What Causes Concrete to Sink?

What Causes Concrete to Sink?

So your driveway or path is uneven.  Some sinking has been going on and your slab is looking worse for wear.  If you have had concrete sink you may be thinking it needs to be replaced but there are more cost effective alternatives such as concrete leveling. Concrete levelling alters the foundation that the concrete sits upon helping to level out uneven surfaces.  This is a far cheaper alternative to having concrete poured.

No sinking yet?  If you are just worried about what may cause sinking but none has occurred yet you are in luck.  Leveling measures can be done ahead of time to avoid sinking happening at all.

While extremely durable concrete will crack from time to time.  Unfortunately water tends to flow through these cracks and sometimes quite forcefully.  While it can and does occur, loss due the mechanical effect of running water is not the main problem, chemical effects are.  Water dissolves ions and minerals it lacks such as calcium and leeches them into the water.  This causes a loss of mass due to erosion.

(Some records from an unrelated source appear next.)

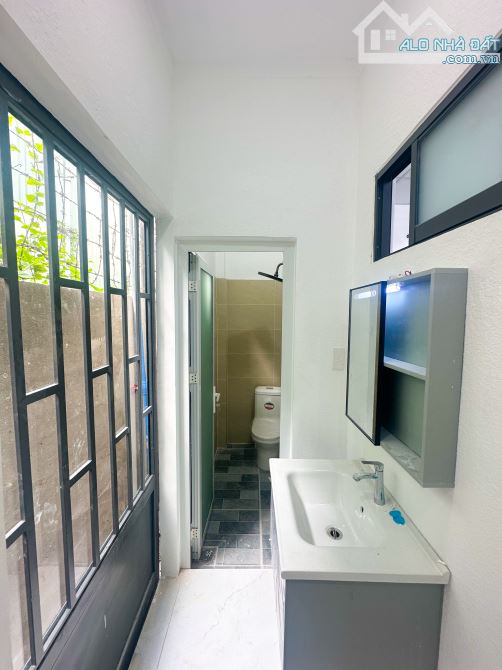 BÁN NHÀ CẤP 4 MỚI DT: 93M2 - NGANG 5M. NGAY CỔNG SAU CÔNG TY POUCHEN P.BỬU HOÀ. GIÁ 2,4 TỶ - 5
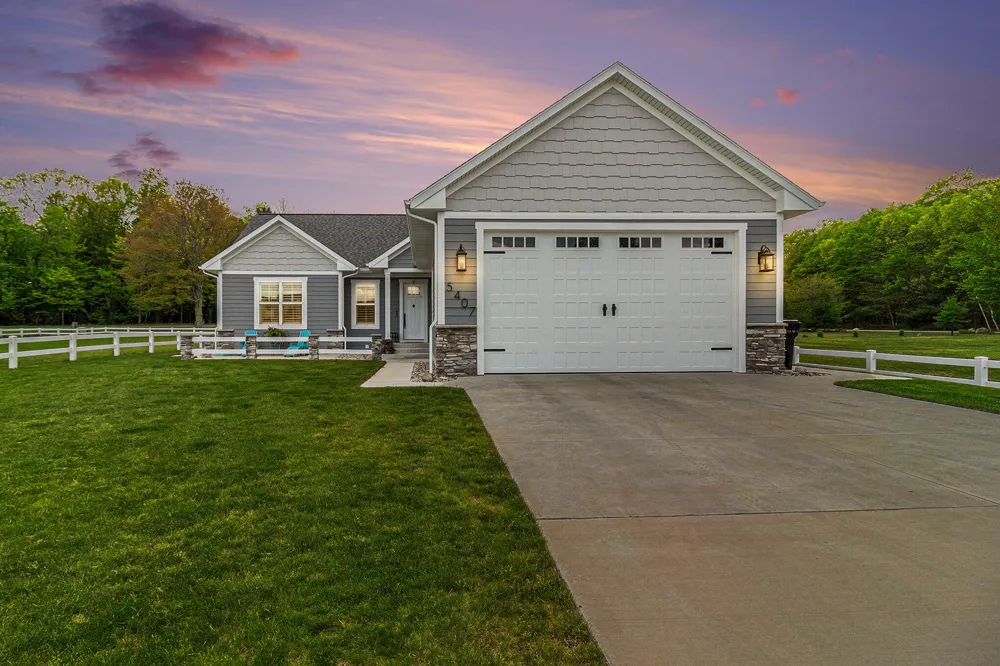 5407 W Sioux Road Pentwater Township, MI 49449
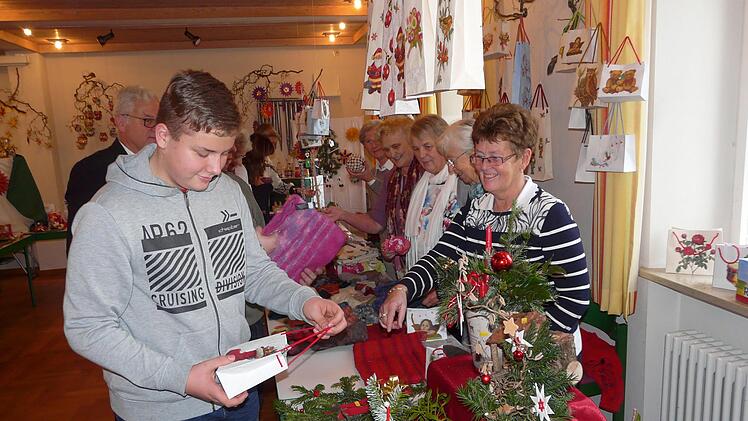 Auf dem Basar in Muggendorf Foto: Paul Pöhlmann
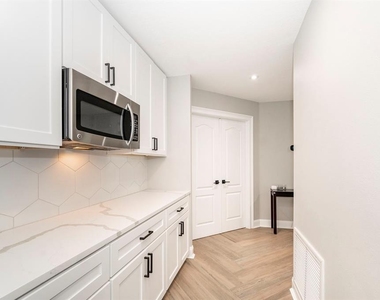5611 Superior Drive - Photo Thumbnail 20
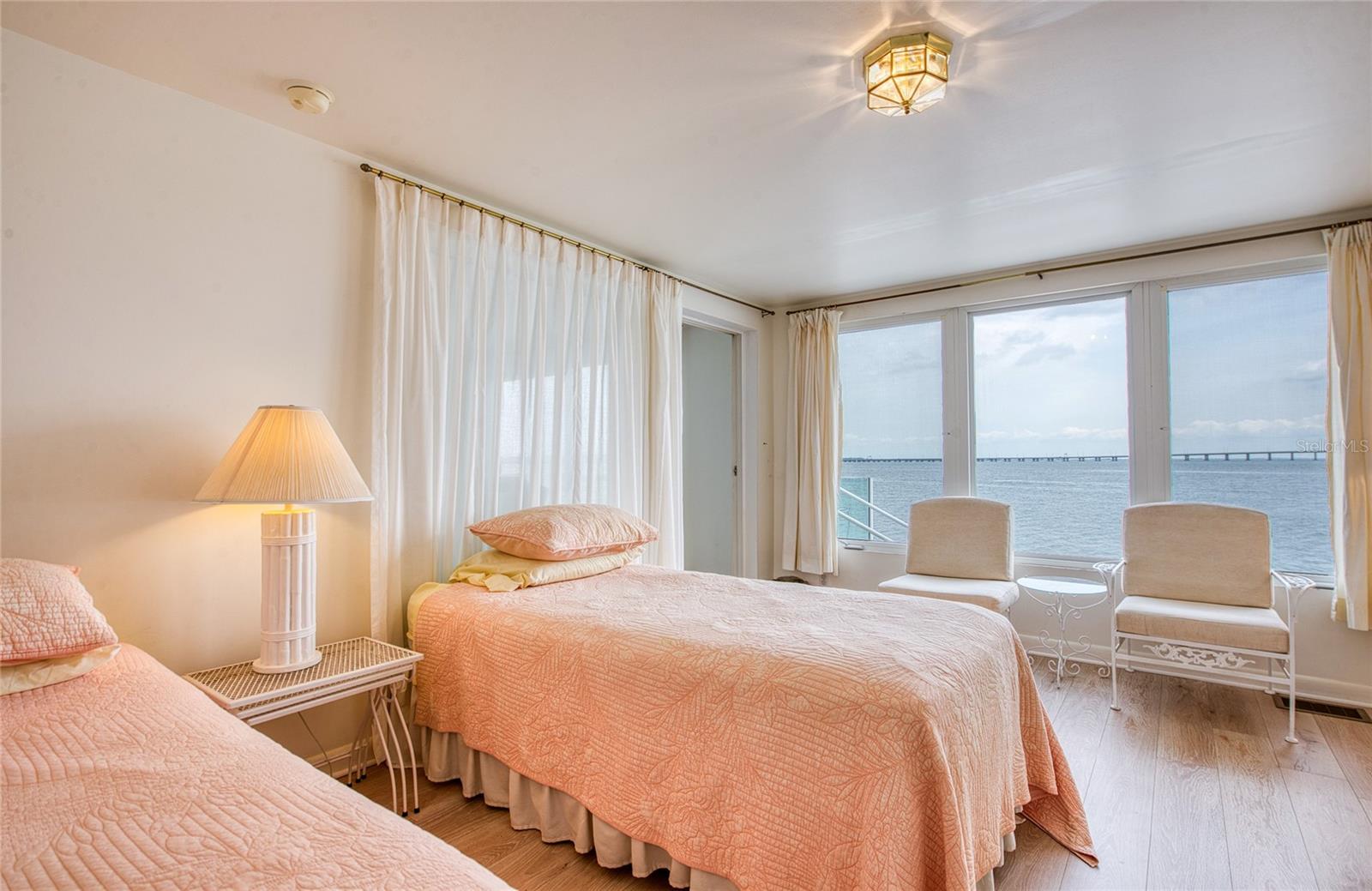 Image 41 of 52 For 18675 Us Highway 19 N 397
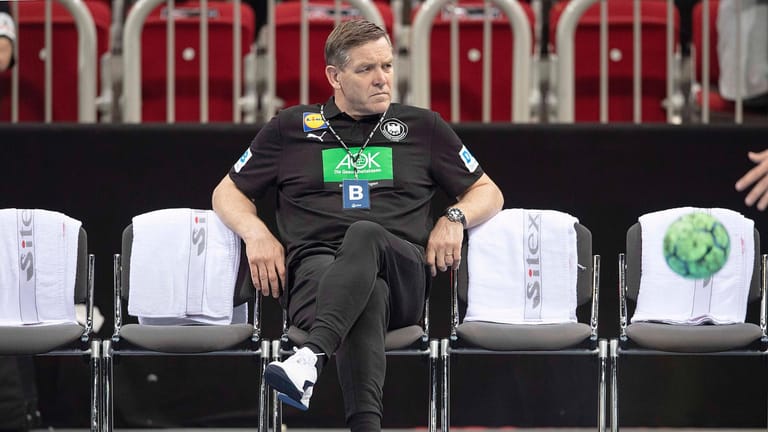 Trainer Alfreð Gislason: Der Bundestrainer musste monatelang auf sein erstes Spiel mit dem DHB-Team warten.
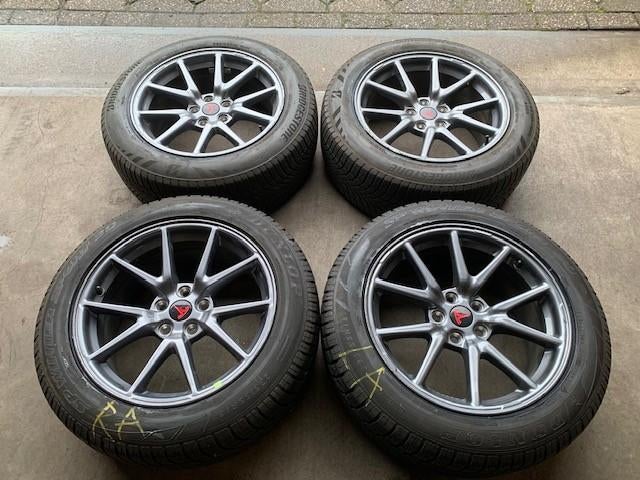 ORIGINELE TESLA MODEL Y VELGEN + WINTERBANDEN 235 55 R18 BLE, 18 inch, Gebruikt, ., Banden en Velgen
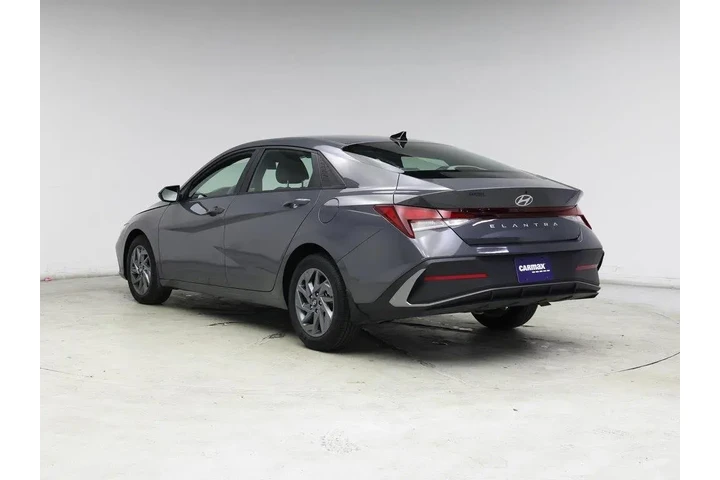 $22998 : Hyundai ELANTRA 2024 SEL 4dr image 2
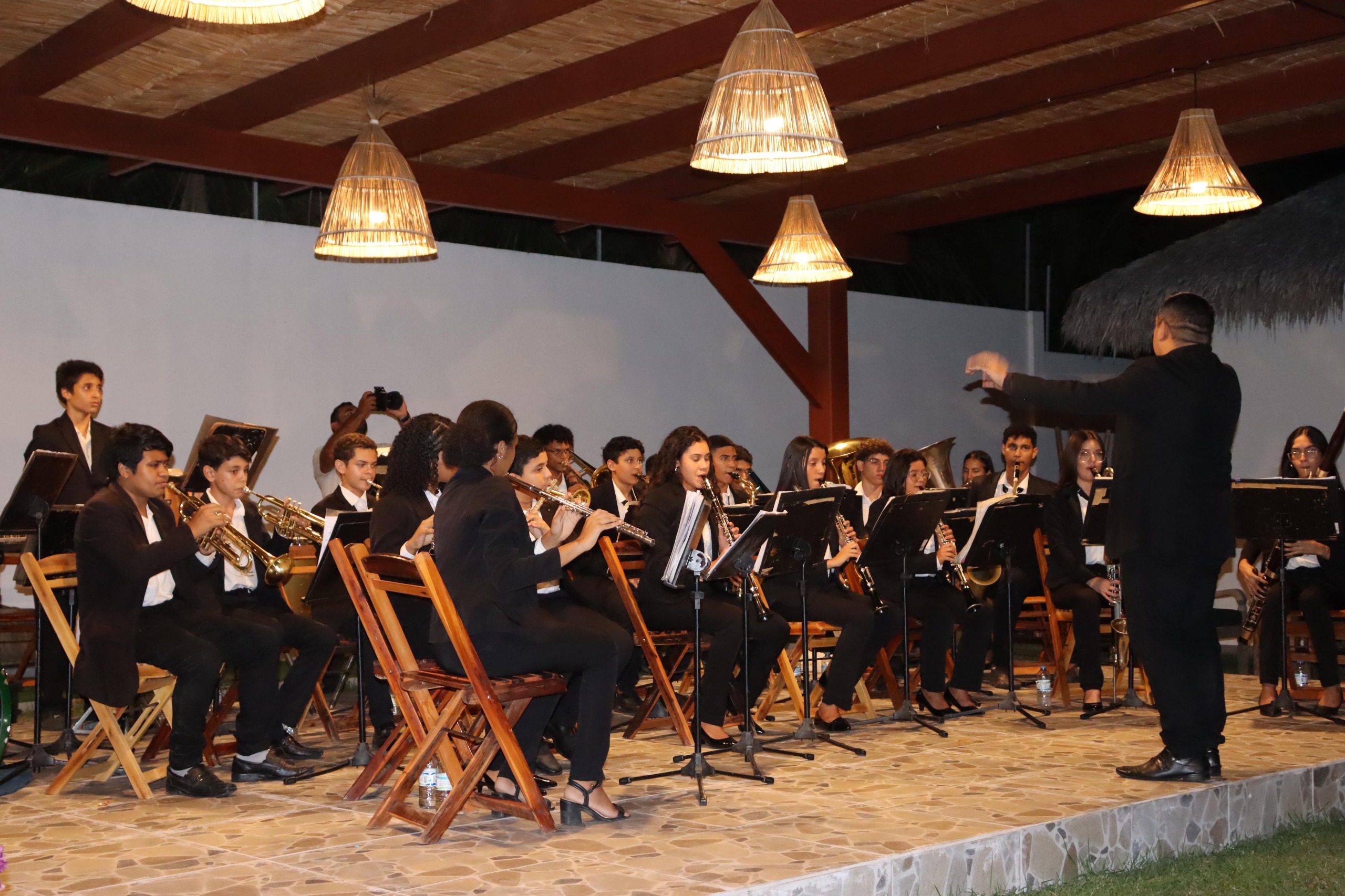 Cineteatro São Luiz recebe concerto gratuito da Orquestra de Sopros de Pindoretama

Ground Movement Caused by Roots

Plant and tree roots push soil beneath the surface.  This can cause multiple problems.  Soil disruption can cause pockets of loose soil or even soilless pockets which are prone to cause leveling issues. Also the sheer strength of roots can lift a concrete upwards. While it is very rare roots will break through a slab driveway, walkways and smaller paved areas are known to have problems and are also more likely to buckle.

There is a moisture difference between the rainy and dry season. In winter the ground freezes in spring the ground contracts. This fluctuation results in soil contracting and expanding which as a negative effect on concrete solidity.

Damage caused by insects and animals

Animals such as rats, mice and voles create tunnels and burrows underground.  These empty spaces weaken surface concrete.  Once enough animal construction has occurred the voids cause the concrete to sink into the created holes.

Water needs to run downhill away from concrete surfaces not to pool.  Clogged or poorly placed gutters, not enough downspouts or improper grading can all cause water build up below concrete. Saturated soil below concrete compromises a concretes base.

Poor excavation and backfilling practices

When land is excavated afterwards it needs to be back-filled.  If there are issues with the back-filled land settling too much underneath concrete slabs sinking ensues.  This occurs because the land around the excavation was very compact and backfill is not.  Proper practices can compact the soil but when done wrong concrete will sink.